* Work task: Pictures are to be omitted, and every entry below is to be restated exactly.

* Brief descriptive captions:
•••
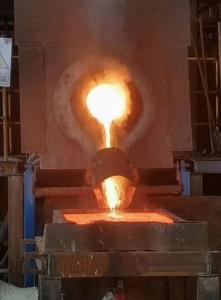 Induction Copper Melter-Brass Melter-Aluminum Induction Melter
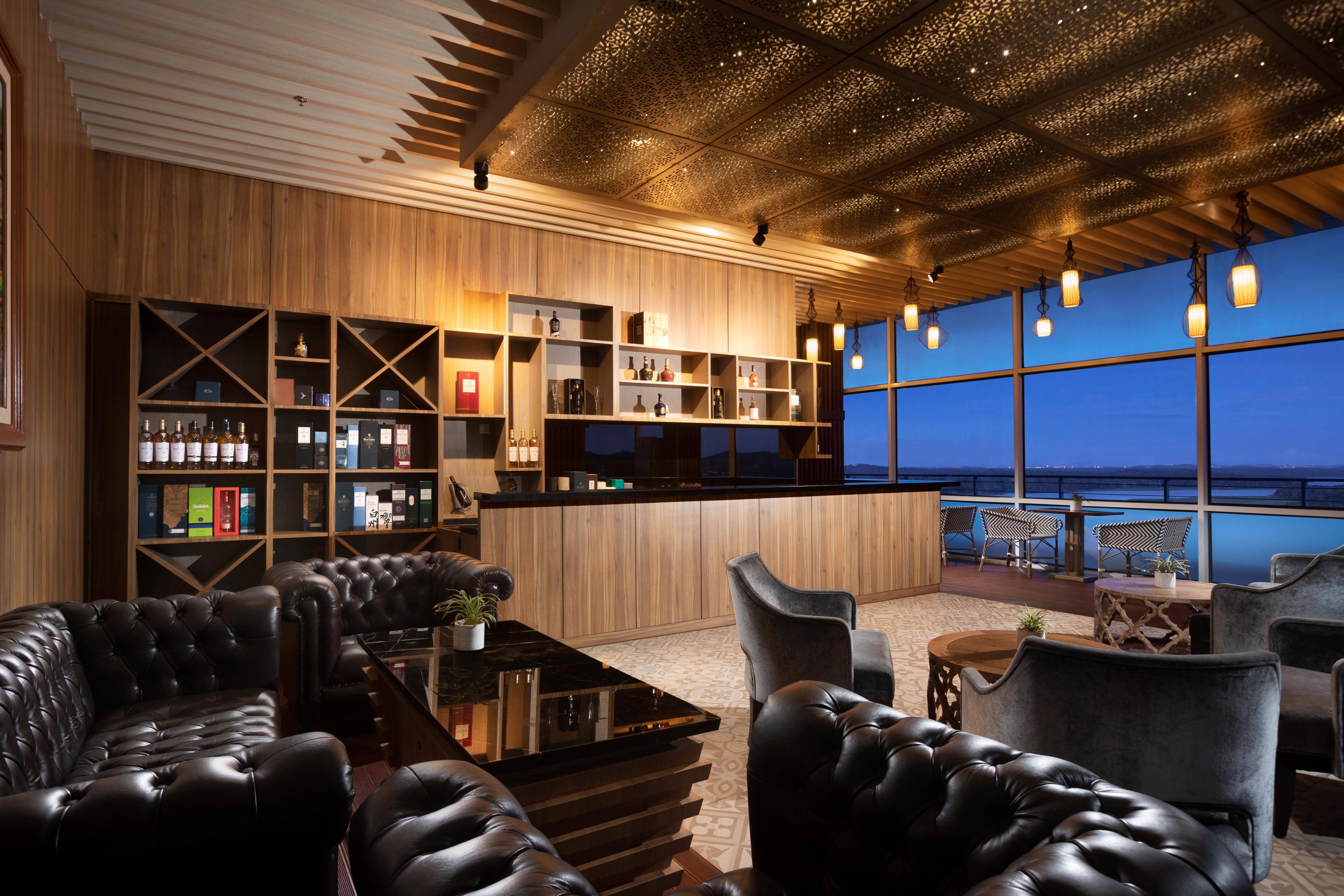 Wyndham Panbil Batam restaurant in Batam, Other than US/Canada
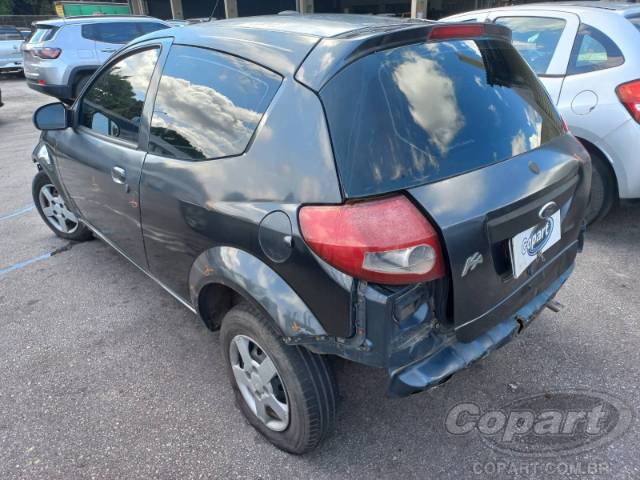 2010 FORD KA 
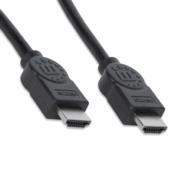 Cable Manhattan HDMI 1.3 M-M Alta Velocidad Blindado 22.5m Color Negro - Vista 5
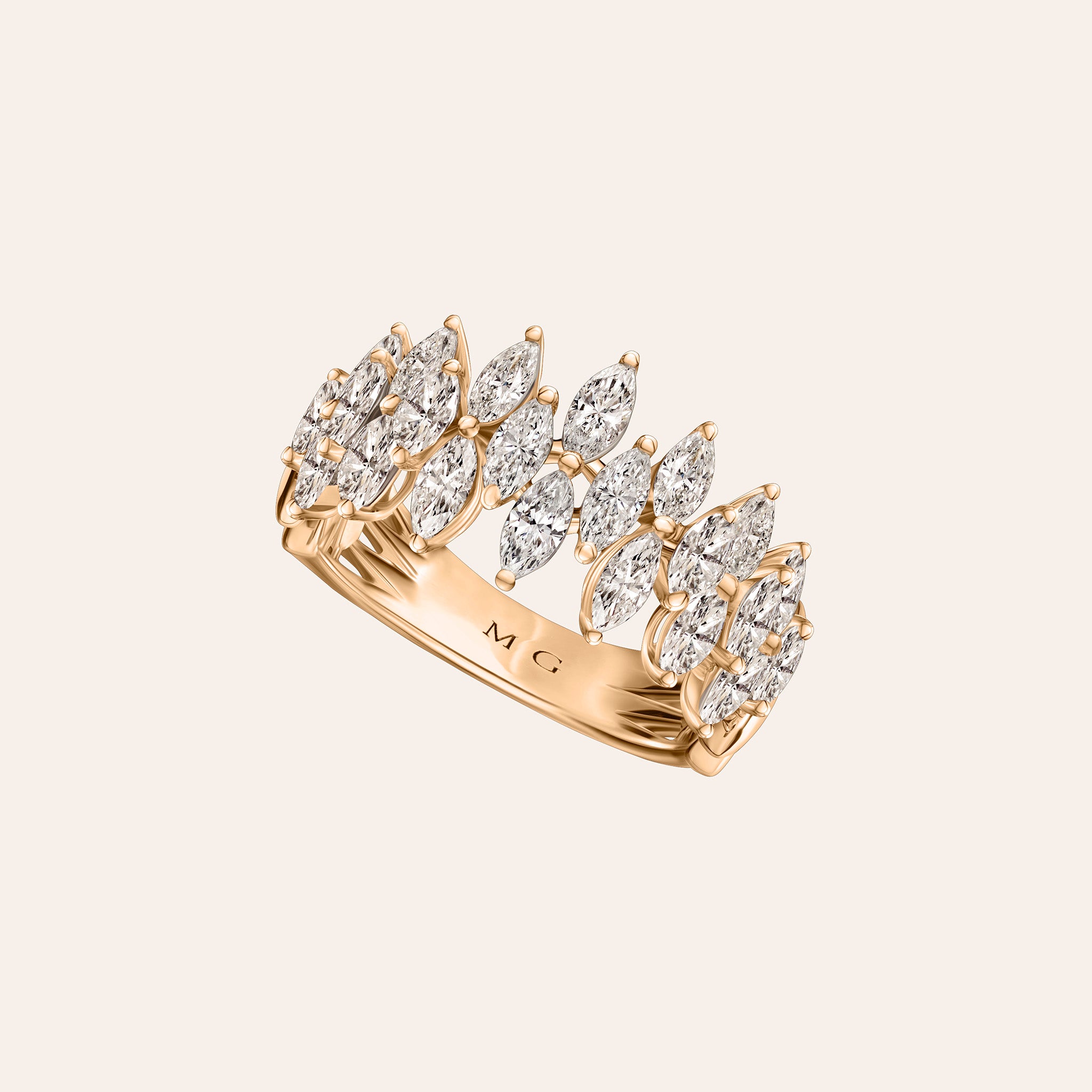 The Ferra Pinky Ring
•••
* Your response:
 Induction Copper Melter-Brass Melter-Aluminum Induction Melter
 Wyndham Panbil Batam restaurant in Batam, Other than US/Canada
 2010 FORD KA 
 Cable Manhattan HDMI 1.3 M-M Alta Velocidad Blindado 22.5m Color Negro - Vista 5
 The Ferra Pinky Ring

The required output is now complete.